### TASK GOAL
When you reach the line that holds "The size of", start copying exactly and keep going through the final line of the data, leaving out pictures.

### DATA EXTRACT
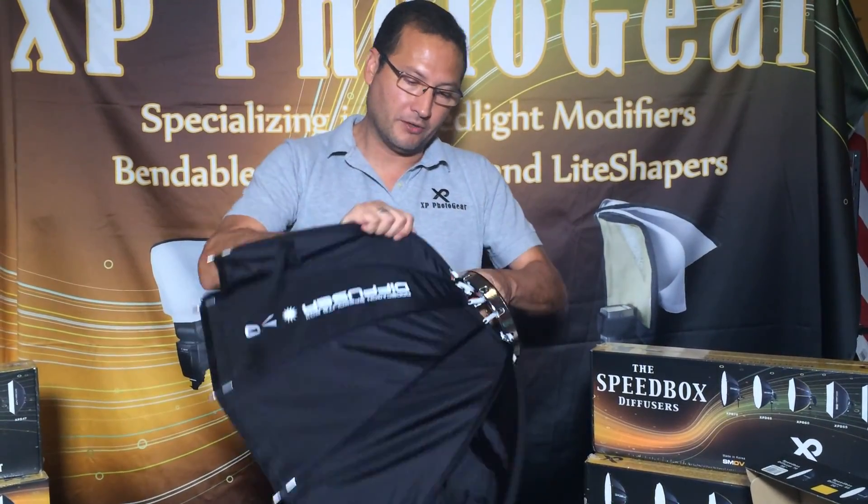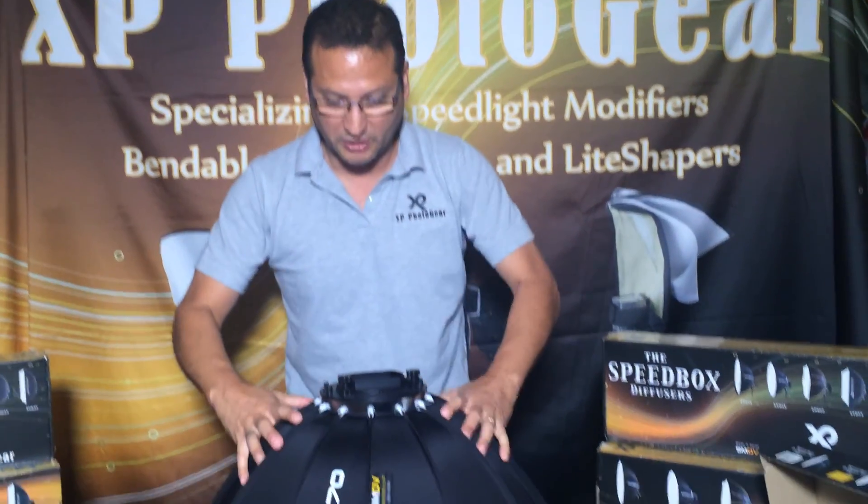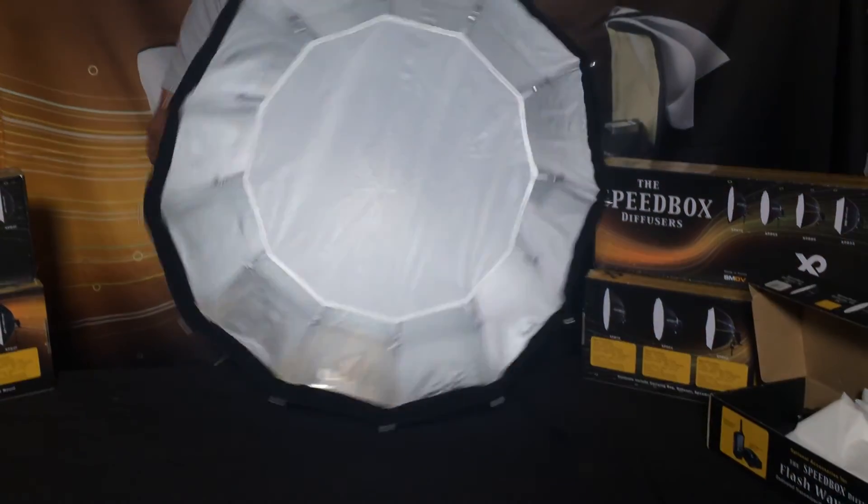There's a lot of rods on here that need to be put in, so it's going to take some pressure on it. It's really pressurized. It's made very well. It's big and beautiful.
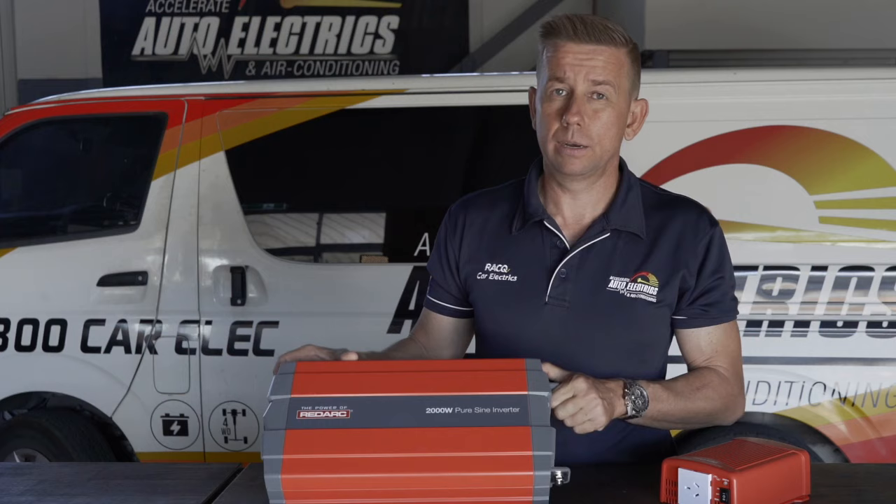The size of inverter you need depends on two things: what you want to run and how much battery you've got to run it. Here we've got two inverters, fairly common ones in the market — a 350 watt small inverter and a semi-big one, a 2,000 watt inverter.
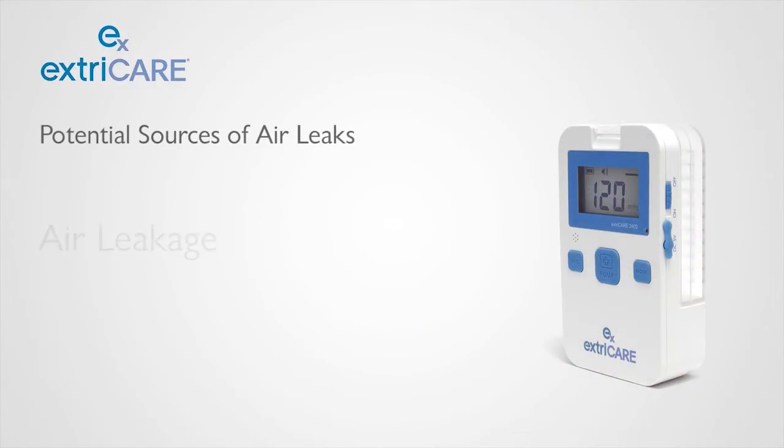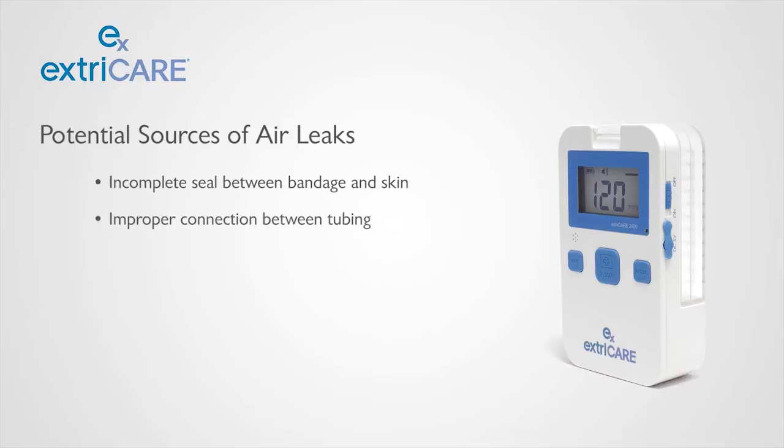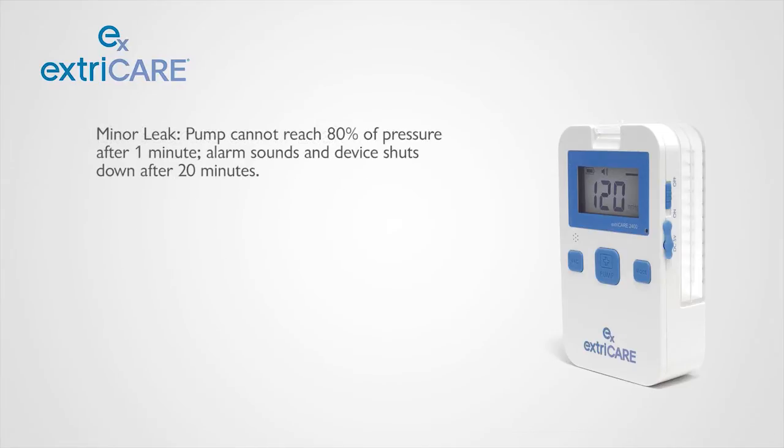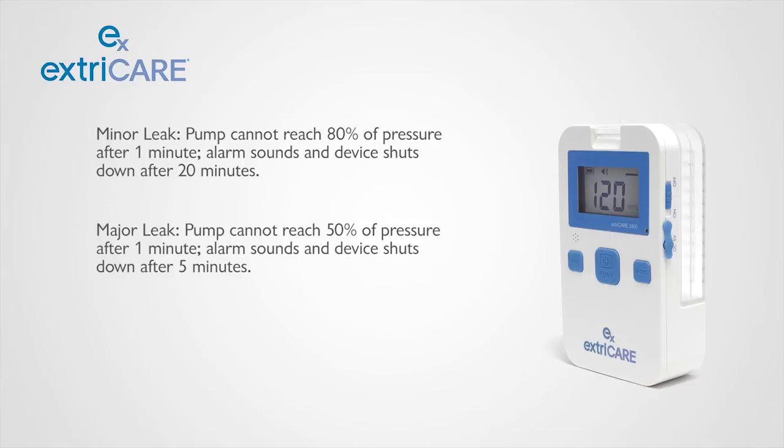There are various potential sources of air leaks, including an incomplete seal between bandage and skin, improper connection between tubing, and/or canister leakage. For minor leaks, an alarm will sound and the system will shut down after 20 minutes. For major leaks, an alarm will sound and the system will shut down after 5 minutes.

### RESPONSE TO THE EXERCISE
The size of inverter you need depends on two things: what you want to run and how much battery you've got to run it. Here we've got two inverters, fairly common ones in the market — a 350 watt small inverter and a semi-big one, a 2,000 watt inverter.
There are various potential sources of air leaks, including an incomplete seal between bandage and skin, improper connection between tubing, and/or canister leakage. For minor leaks, an alarm will sound and the system will shut down after 20 minutes. For major leaks, an alarm will sound and the system will shut down after 5 minutes.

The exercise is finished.